A autora faz uma escolha arriscada ao mesclar o fantástico a um tema que pode soar tão enfadonho como as questões do trabalho na contemporaneidade, mas no fim das contas, é exatamente essa junção do fascínio que a literatura fantástica carrega, com o bater de martelo da realidade que ajuda a criar um universo onírico e instigante. Em “A fábrica” cada diálogo e cada situação se constrói de modo a escancarar a falta de sentido que, por vezes, mora no dia a dia de uma fábrica e que molda a vida de um trabalhador.
Não me parece que alguém esteja conferindo os documentos depois que eu os reviso. Os envelopes com os documentos revisados desaparecem da prateleira onde são deixados. Eles são levados para algum lugar, mas ignoro qual seja ou quem os recebe. Também não sei se estou fazendo corretamente ou não o trabalho de revisão, o que impede qualquer progresso.
Dentro da fábrica se encontra de tudo. Seus funcionários tem acesso inclusive, a vários tipos de diversões. Toda a fábrica, que não é possível ver seu fim a olho nu, se molda de forma a dar a impressão de que sair dali não é necessário, sendo assim se encontra até moradias. A autora utiliza desse modelo, para tratar de questões muito atuais, como a simbiose entre a vida pessoal e a profissional, onde empregados são apenas parte da engrenagem de uma grande máquina.

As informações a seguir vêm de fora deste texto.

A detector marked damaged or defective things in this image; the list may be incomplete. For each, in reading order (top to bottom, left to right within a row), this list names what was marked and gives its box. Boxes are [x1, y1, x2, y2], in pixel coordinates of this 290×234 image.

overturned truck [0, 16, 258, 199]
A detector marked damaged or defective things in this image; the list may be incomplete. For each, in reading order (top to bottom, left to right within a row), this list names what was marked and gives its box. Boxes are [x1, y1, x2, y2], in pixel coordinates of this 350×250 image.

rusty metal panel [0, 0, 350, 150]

Em vários momentos, Hiroko aproveita a própria mudança de parágrafos e de vozes entre os narradores, para causar confusão aos leitores. Por vezes, a voz narrativa muda e não sabemos qual dos três personagens principais está com a palavra, o que é uma estratégia inteligente de mostrar o nível de desumanização e o poder de massificação que alguns processos dentro do ambiente de trabalho submetem as pessoas. Os três personagens se misturam, de forma a dar uma unidade, uma formatação e um único modelo ao trabalhador substituível.

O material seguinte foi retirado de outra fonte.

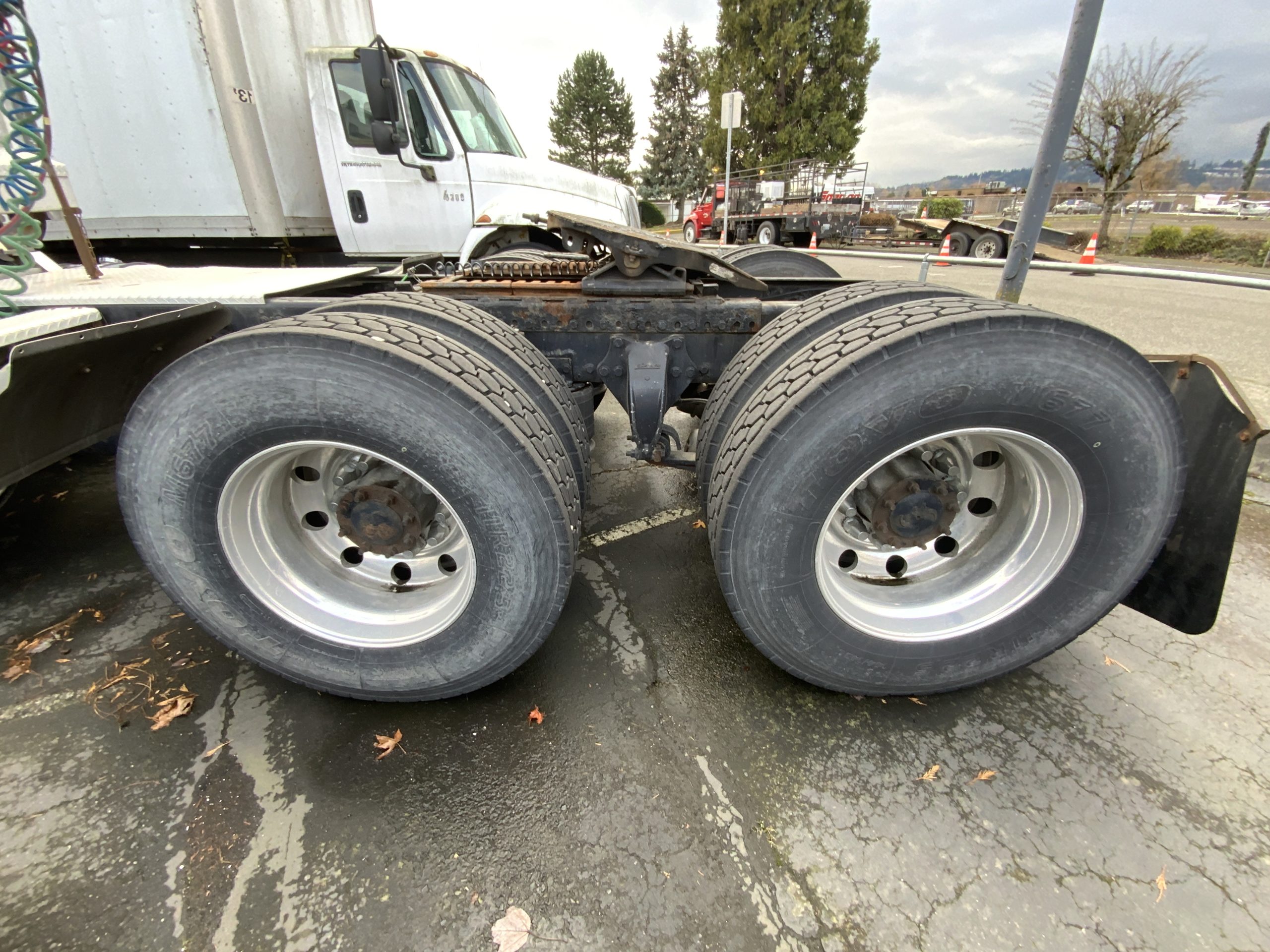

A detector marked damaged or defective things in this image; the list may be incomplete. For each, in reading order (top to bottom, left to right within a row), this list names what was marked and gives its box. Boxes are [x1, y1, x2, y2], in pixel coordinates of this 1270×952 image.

cracked pavement [2, 269, 1270, 952]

A voz de Hiroko Oyamada destaca-se na literatura japonesa contemporânea por sua abordagem sutil e incisiva das experiências de alienação no trabalho, um tema cada vez mais relevante em sociedades modernas. Explora a perda de identidade e a desumanização provocadas por ambientes corporativos rígidos e labirínticos e como essa imposição de um modo de viver se torna um desabafo ou uma denúncia sobre se perder no trabalho.

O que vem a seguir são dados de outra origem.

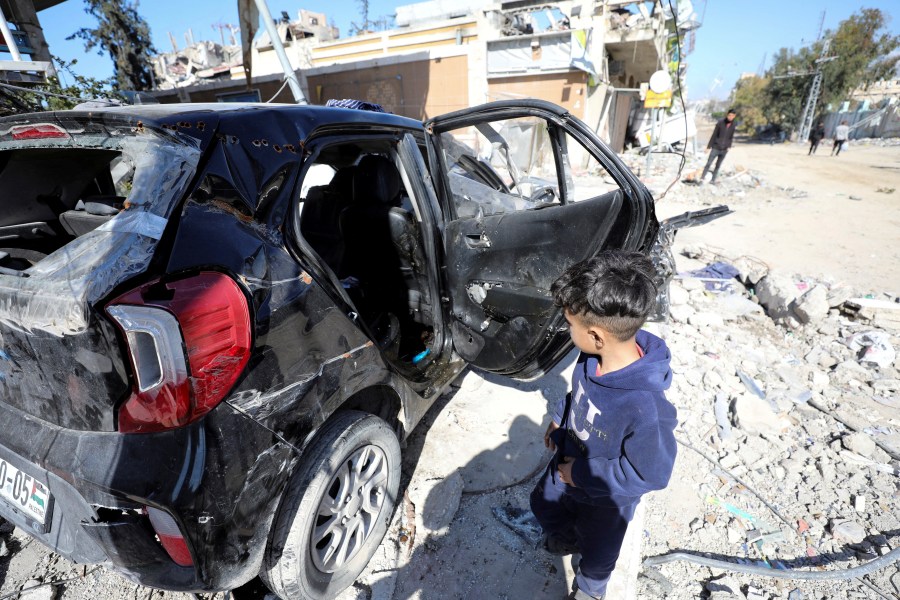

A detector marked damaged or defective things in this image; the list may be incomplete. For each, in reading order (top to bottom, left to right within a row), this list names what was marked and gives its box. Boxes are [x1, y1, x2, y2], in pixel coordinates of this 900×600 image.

damaged wheel [260, 410, 400, 596]
dented car panel [0, 101, 668, 592]
wrecked black car [0, 101, 668, 596]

Sua escrita, marcada por um realismo estranho e inquietante, oferece uma crítica poderosa às estruturas laborais japonesas, ao mesmo tempo que dialoga com questões universais sobre rotina, conformismo e a fragilidade da individualidade. Dessa forma, Oyamada não apenas amplia os horizontes da literatura japonesa, mas também contribui de maneira significativa para a reflexão sobre o mal-estar contemporâneo no mundo do trabalho.